In recent years, algebraists have particularly studied elliptic curves, which are defined by a particular type of diophantine equation. These curves have important applications in number theory and cryptography, and finding whole-number or rational solutions to them is a major area of study.

One of the most stunning mathematical developments of the last few decades was Andrew Wiles’ proof of the classic Fermat’s Last Theorem, stating that higher-power versions of Pythagorean triples don’t exist. Wiles’ proof of that theorem was a consequence of a broader development of the theory of elliptic curves.

The Birch and Swinnerton-Dyer conjecture provides an extra set of analytical tools in understanding the solutions to equations defined by elliptic curves.

I’m sure they are speaking English, but I am no longer sure.

The Hodge conjecture

Algebraic geometry is the study of the higher-dimensional shapes that can be defined algebraically as the solution sets to algebraic equations.

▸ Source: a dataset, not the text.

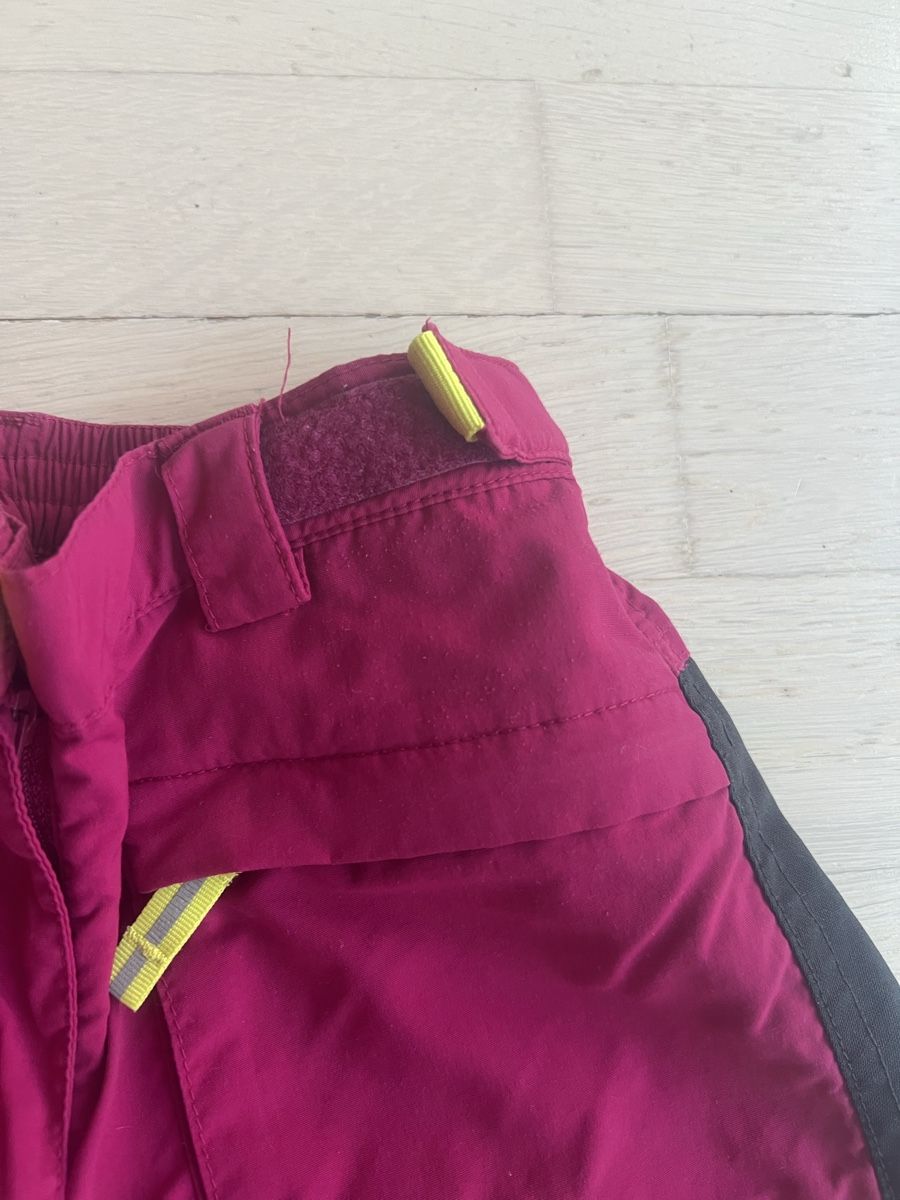 Jako-O Pantaloni: Wanderhose mit Zip-Off von Jakoo – Usato da Allschwil venduto da Fabienne0124 2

As an extremely simple example, you may recall from high school algebra that the equation y = x2 results in a parabolic curve when the solutions to that equation are drawn out on a piece of graph paper. Algebraic geometry deals with the higher-dimensional analogues of that kind of curve when one considers systems of multiple equations, equations with more variables, and equations over the complex number plane, rather than the real numbers.

The 20th century saw a flourishing of sophisticated techniques to understand the curves, surfaces, and hyper-surfaces that are the subjects of algebraic geometry. The difficult-to-imagine shapes can be made more tractable through complicated computational tools.

The Hodge conjecture claims that certain types of geometric structures have a useful algebraic counterpart that can be used to better classify and study these shapes.

I don’t know about you, but I’m going to go and lie down in a dark room with a cloth over my eyes.